18 KiB
name, description
| name | description |
|---|---|
| writing-skills | Use when creating new skills, editing existing skills, or verifying skills work - applies TDD to documentation by testing with subagents before writing |
<skill_overview> Writing skills IS test-driven development applied to process documentation; write test (pressure scenario), watch fail (baseline), write skill, watch pass, refactor (close loopholes). </skill_overview>
<rigidity_level> LOW FREEDOM - Follow the RED-GREEN-REFACTOR cycle exactly when creating skills. No skill without failing test first. Same Iron Law as TDD. </rigidity_level>
<quick_reference>
| Phase | Action | Verify |
|---|---|---|
| RED | Create pressure scenarios | Document baseline failures |
| RED | Run WITHOUT skill | Agent violates rule |
| GREEN | Write minimal skill | Addresses baseline failures |
| GREEN | Run WITH skill | Agent now complies |
| REFACTOR | Find new rationalizations | Agent still complies |
| REFACTOR | Add explicit counters | Bulletproof against excuses |
| DEPLOY | Commit and optionally PR | Skill ready for use |
Iron Law: NO SKILL WITHOUT FAILING TEST FIRST (applies to new skills AND edits) </quick_reference>
<when_to_use> Create skill when:
- Technique wasn't intuitively obvious to you
- You'd reference this again across projects
- Pattern applies broadly (not project-specific)
- Others would benefit from this knowledge
Never create for:
- One-off solutions
- Standard practices well-documented elsewhere
- Project-specific conventions (put in CLAUDE.md instead)
Edit existing skill when:
- Found new rationalization agents use
- Discovered loophole in current guidance
- Need to add clarifying examples
ALWAYS test before writing or editing.

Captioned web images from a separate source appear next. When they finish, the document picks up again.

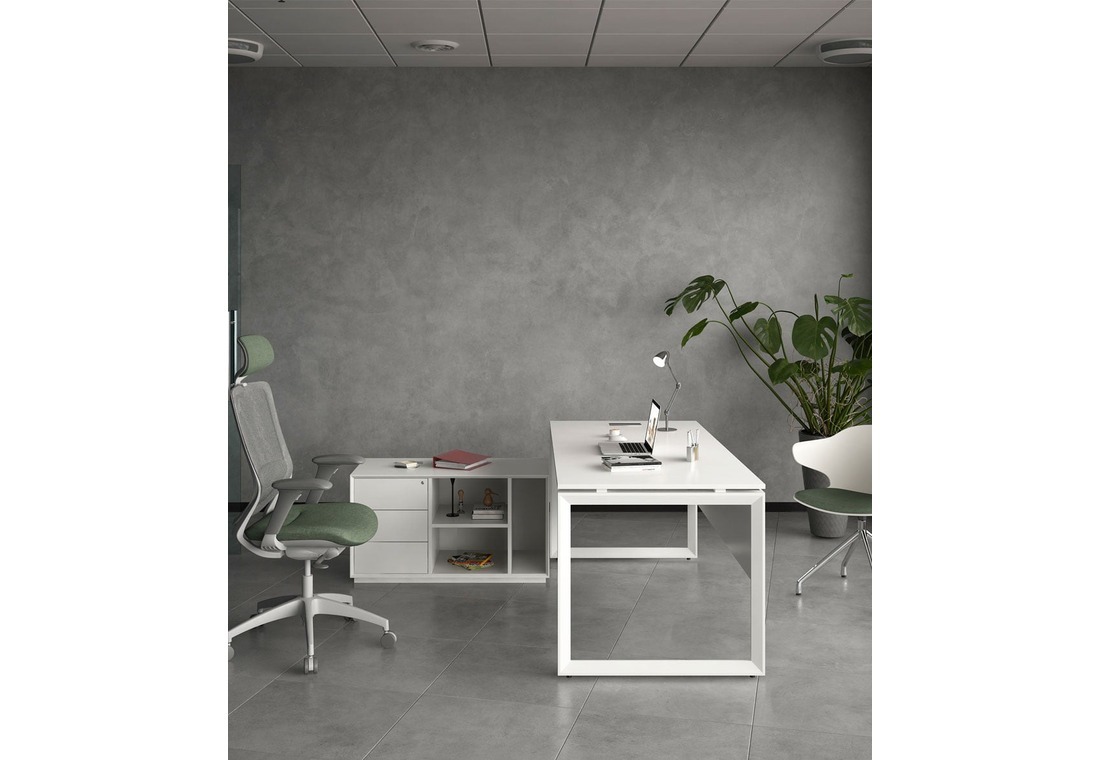 Workstation with side utility (1) Workstation with side utility (1)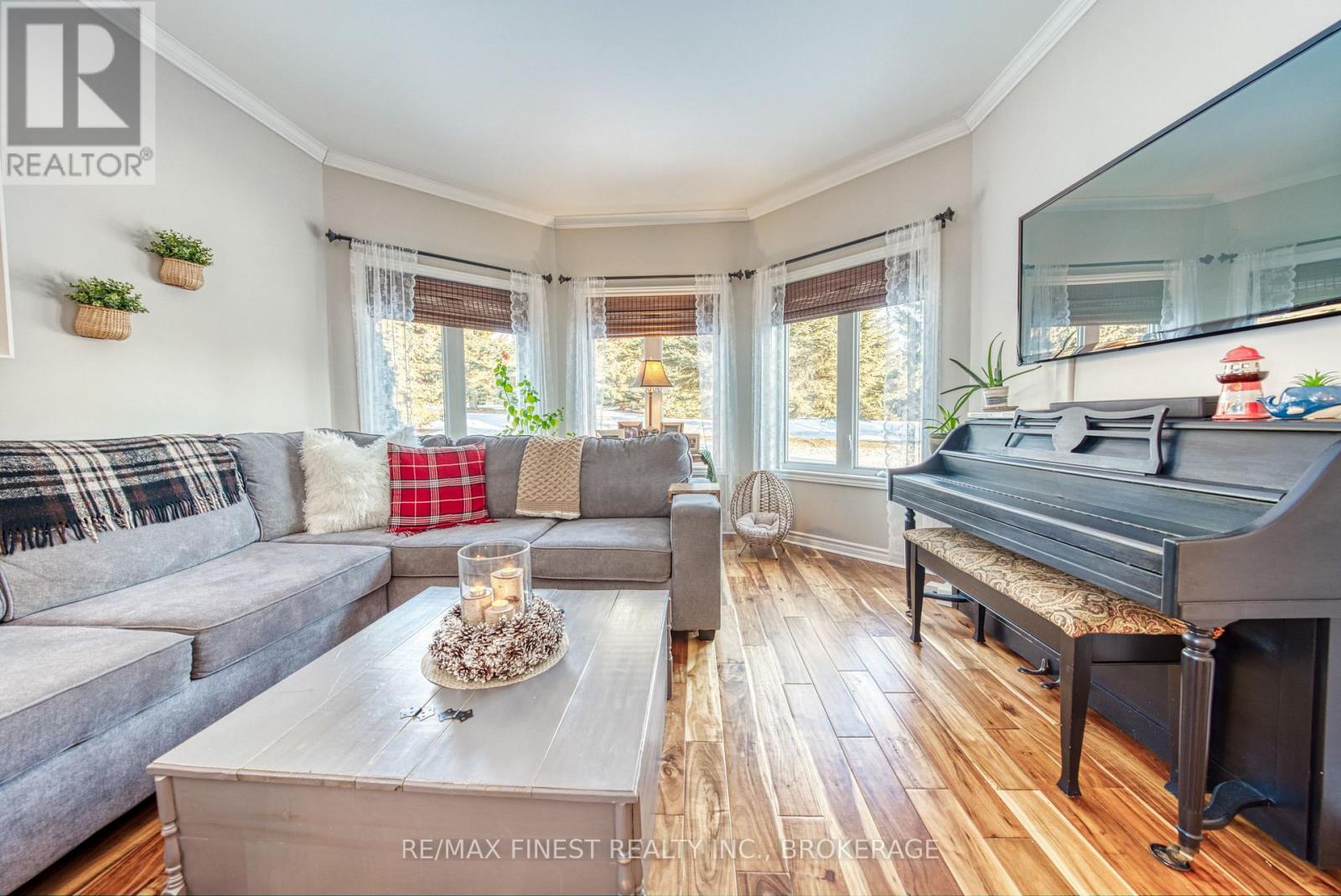 108 GRAYROCK CRESCENT - 12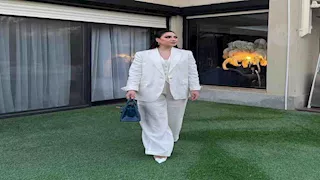  بالصور.. أحدث جلسة تصوير لـ بوسي أمام حمام السباحة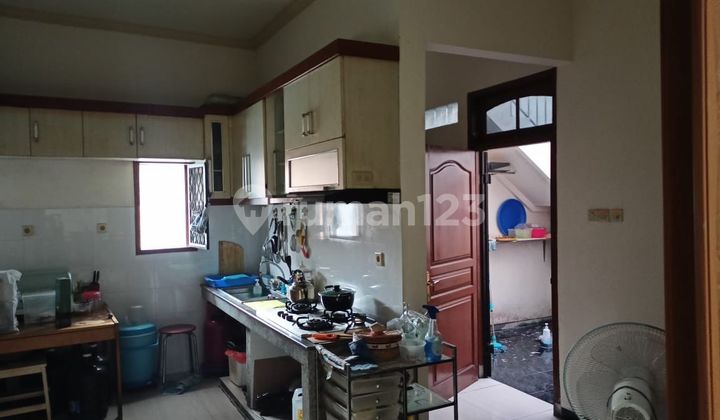 Two-Story House in Kenjeran, Zero Lot on Main Road, Fully Furnished, Suitable for Business, Near Suramadu Bridge. 2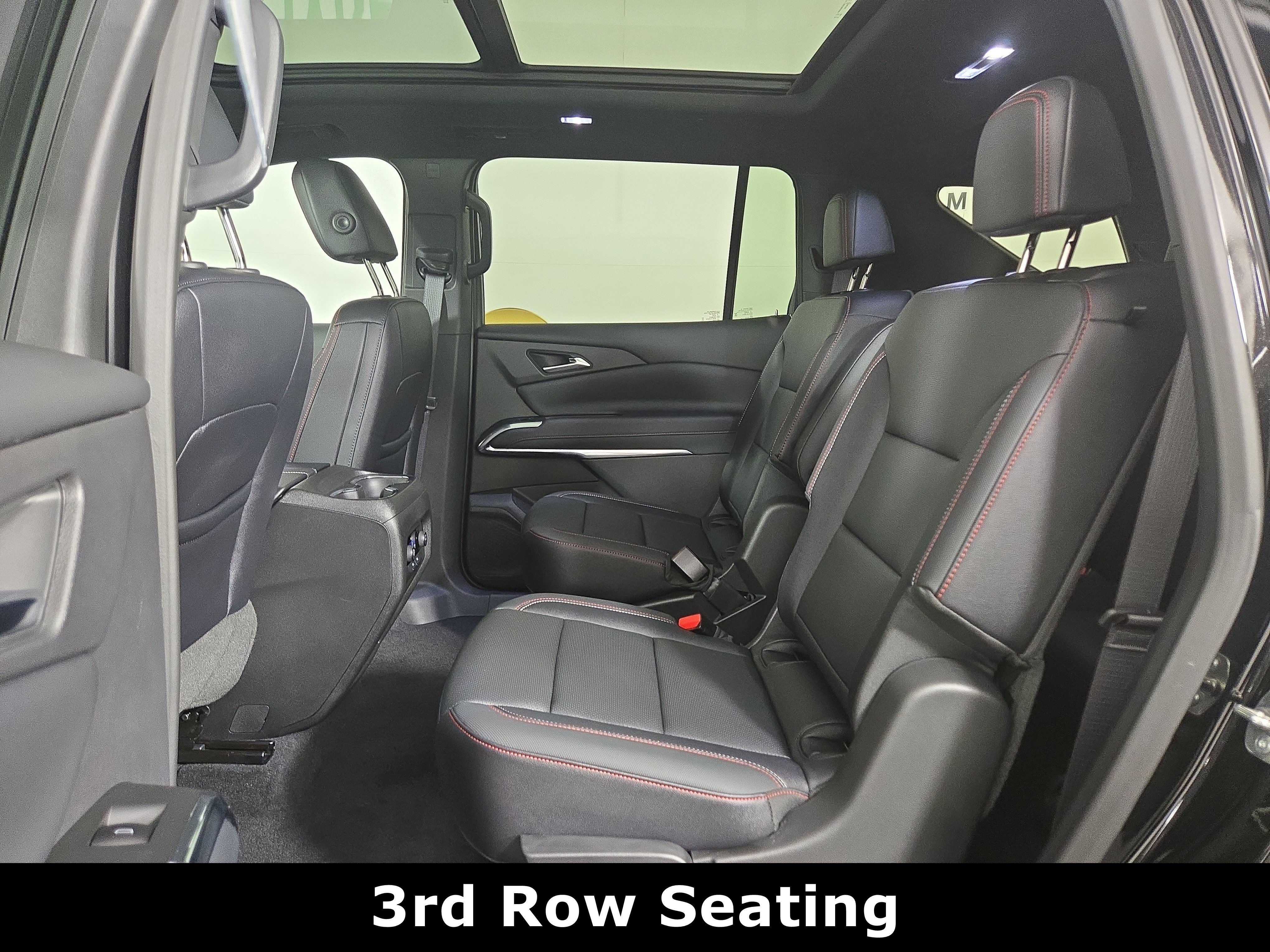 Certified 2025 Chevrolet Traverse Z71 image 12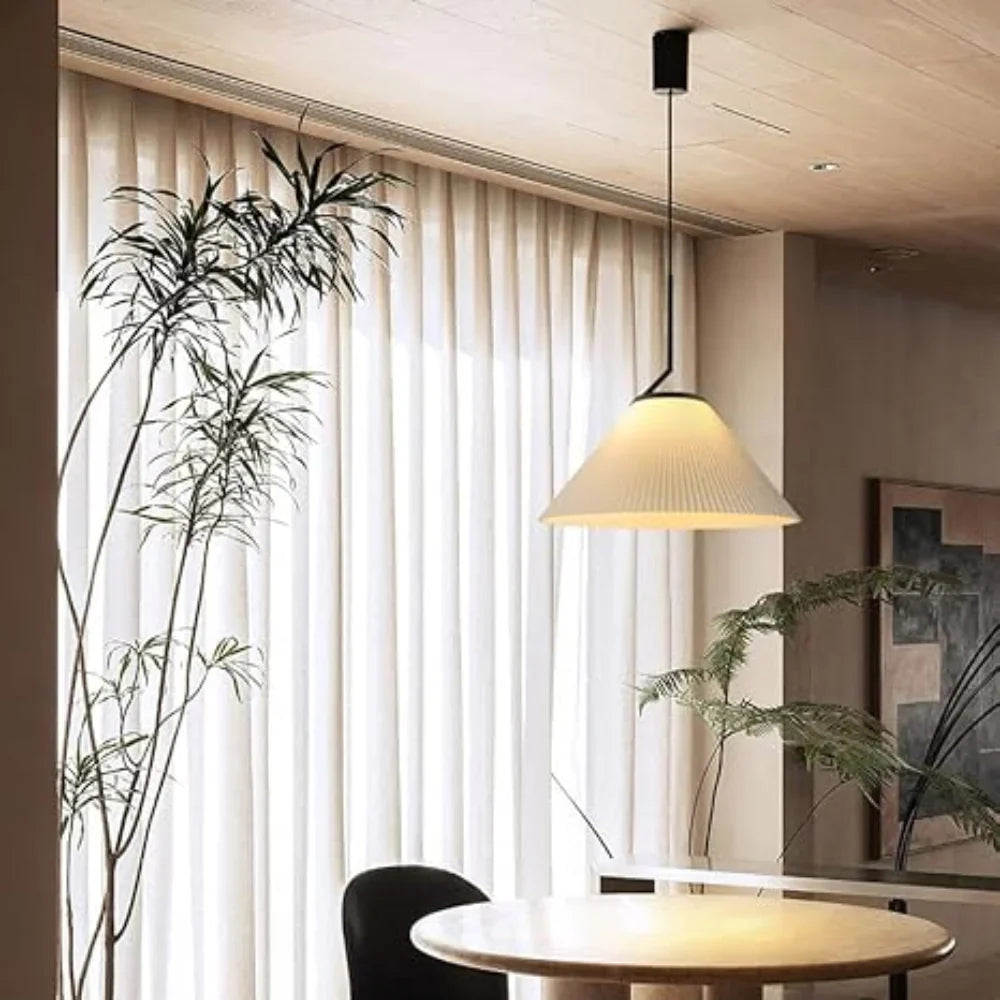 Minimalistyczna Lampa Wisząca z Tkaninowym Kloszem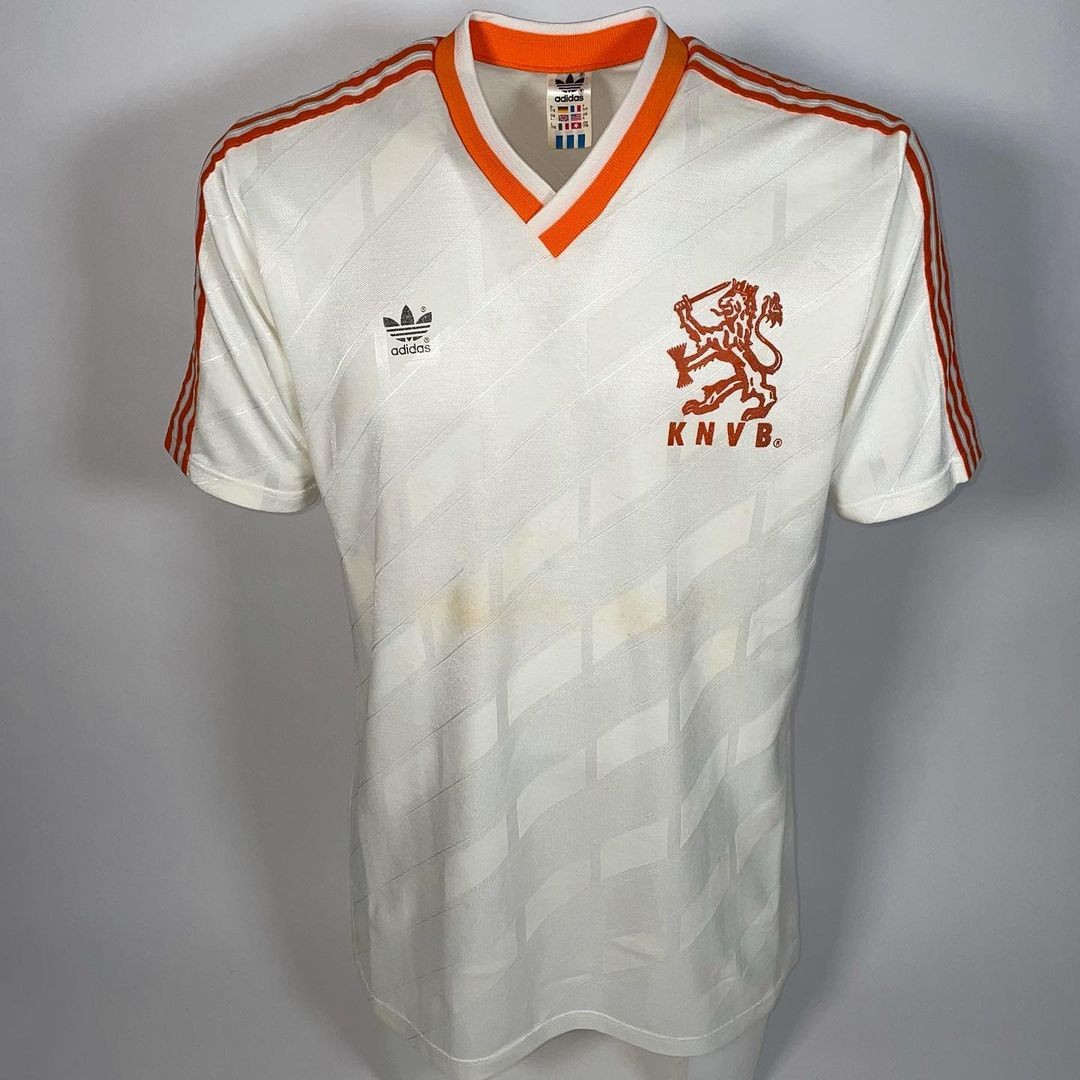 Segunda equipación de Países Bajos 1987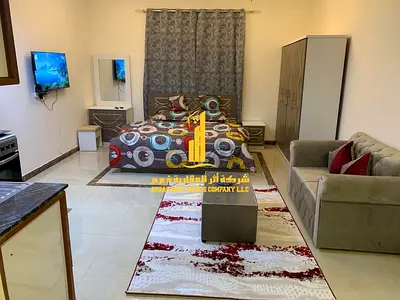 A golden opportunity! Luxurious, fully furnished studio apartment for monthly rent in Al Rawda, dir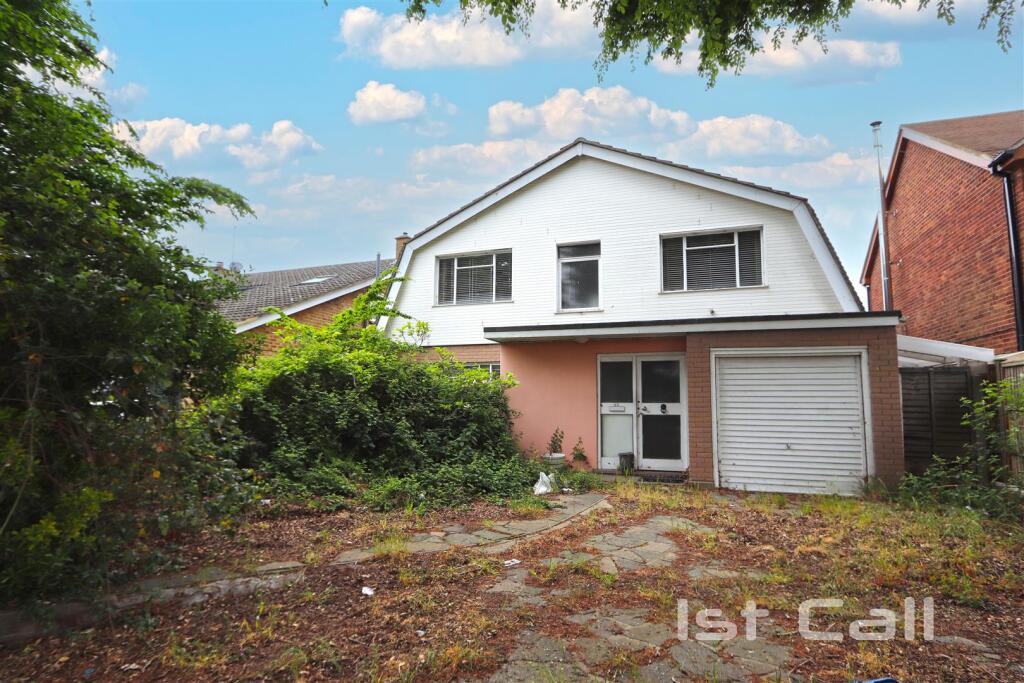 Main image of property: Green Lane, Leigh-On-Sea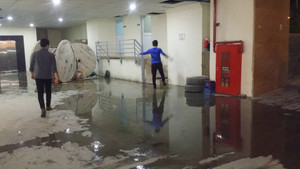 Chung cư Hồ Gươm Plaza rò rỉ bể phốt, bốc mùi hôi thối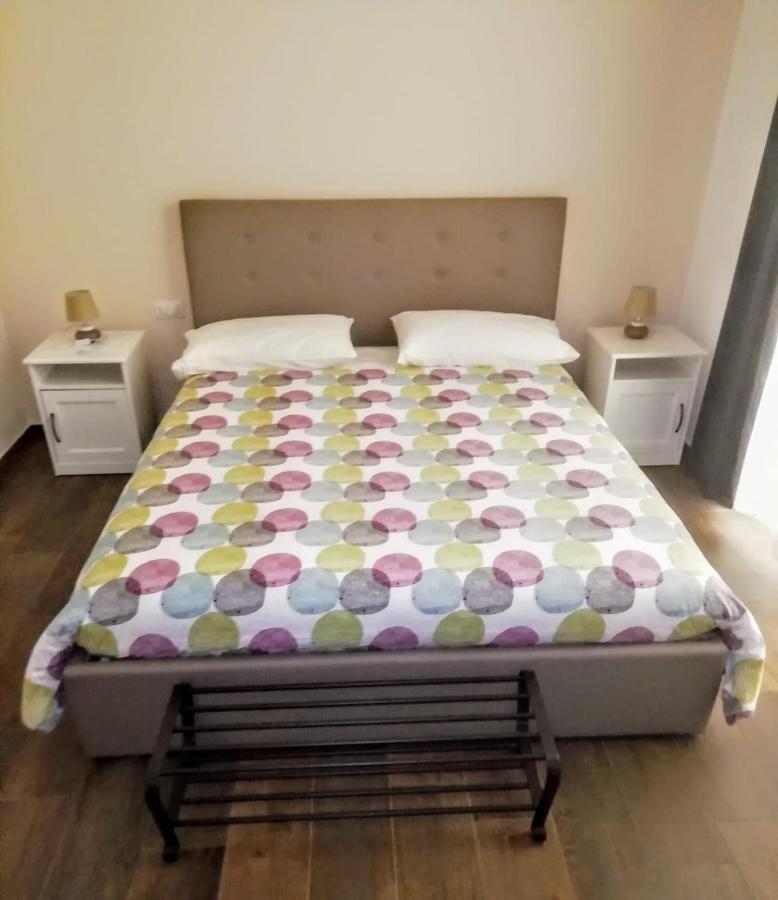 B&B Peter Pan Salerno Dış mekan fotoğraf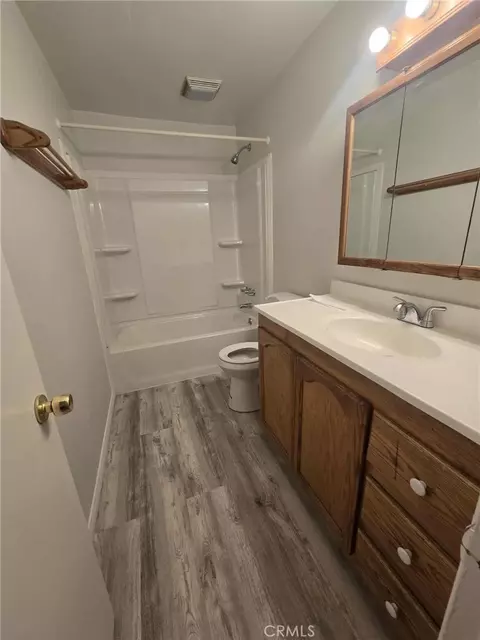 Bath - 1901 Vineyard, Barstow, CA 92311 photo 1 of 4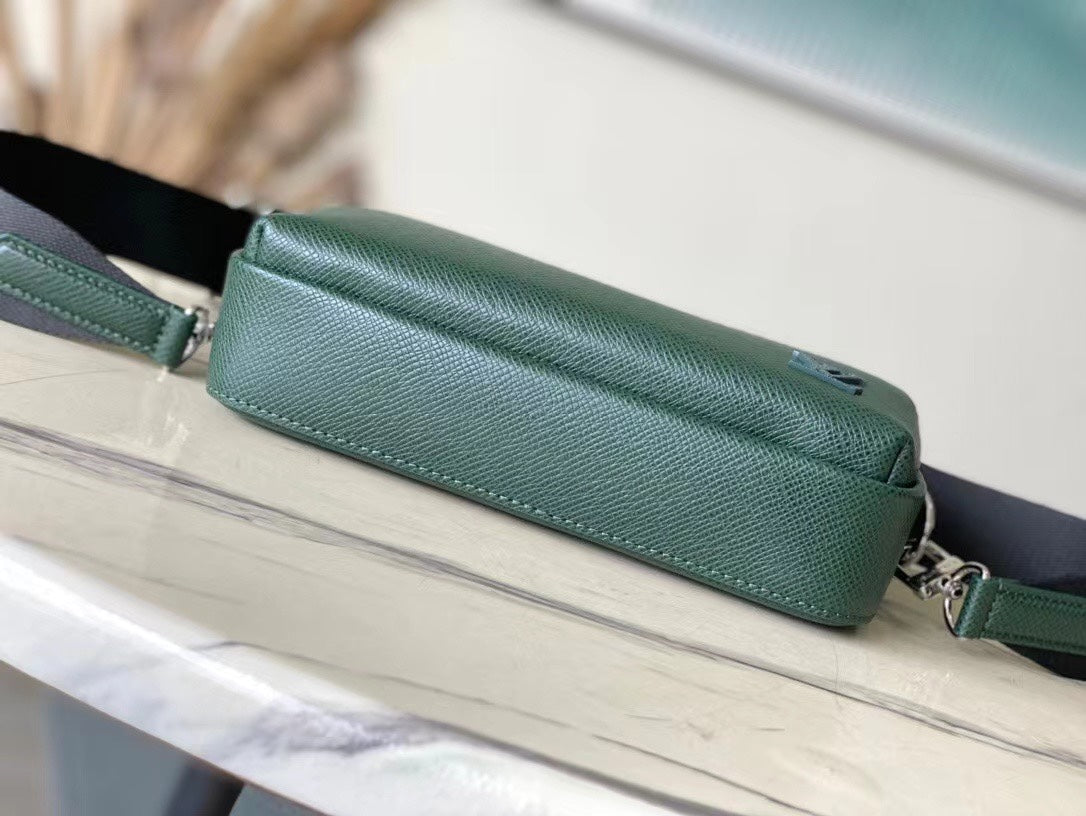 AVENUE MESSENGER 22 EN CUIR DE VEAU VERT FORÊT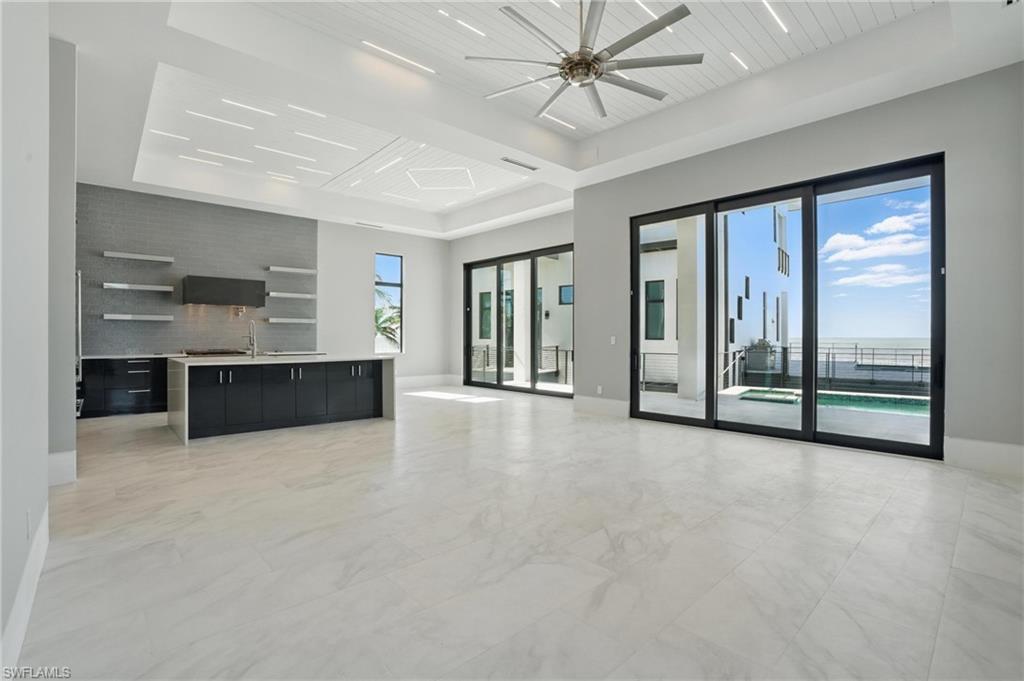 3050 Estero Blvd Property Photo 13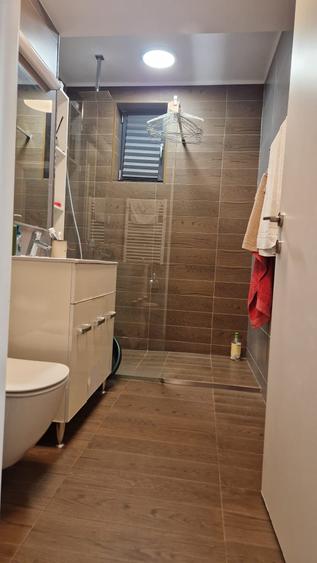 Apartament cu 2 camere decomandat în Lacul Tei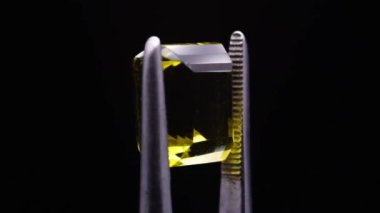 Dönen masadaki cımbızda doğal sarı sitrin.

No exceptions. </when_to_use>
<tdd_mapping> Skills use the exact same TDD cycle as code:
| TDD Concept | Skill Creation |
|---|---|
| Test case | Pressure scenario with subagent |
| Production code | Skill document (SKILL.md) |
| Test fails (RED) | Agent violates rule without skill |
| Test passes (GREEN) | Agent complies with skill present |
| Refactor | Close loopholes while maintaining compliance |
| Write test first | Run baseline scenario BEFORE writing skill |
| Watch it fail | Document exact rationalizations agent uses |
| Minimal code | Write skill addressing those specific violations |
| Watch it pass | Verify agent now complies |
| Refactor cycle | Find new rationalizations → plug → re-verify |
REQUIRED BACKGROUND: You MUST understand hyperpowers:test-driven-development before using this skill. </tdd_mapping>
<the_process>
1. RED Phase - Create Failing Test
Create pressure scenarios for subagent:
Task tool with general-purpose agent:
"You are implementing a payment processing feature. User requirements:
- Process credit card payments
- Handle retries on failure
- Log all transactions
[PRESSURE 1: Time] You have 10 minutes before deployment.
[PRESSURE 2: Sunk Cost] You've already written 200 lines of code.
[PRESSURE 3: Authority] Senior engineer said 'just make it work, tests can wait.'
Implement this feature."
Run WITHOUT skill present.
Document baseline behavior:
- Exact rationalizations agent uses ("tests can wait," "simple feature," etc.)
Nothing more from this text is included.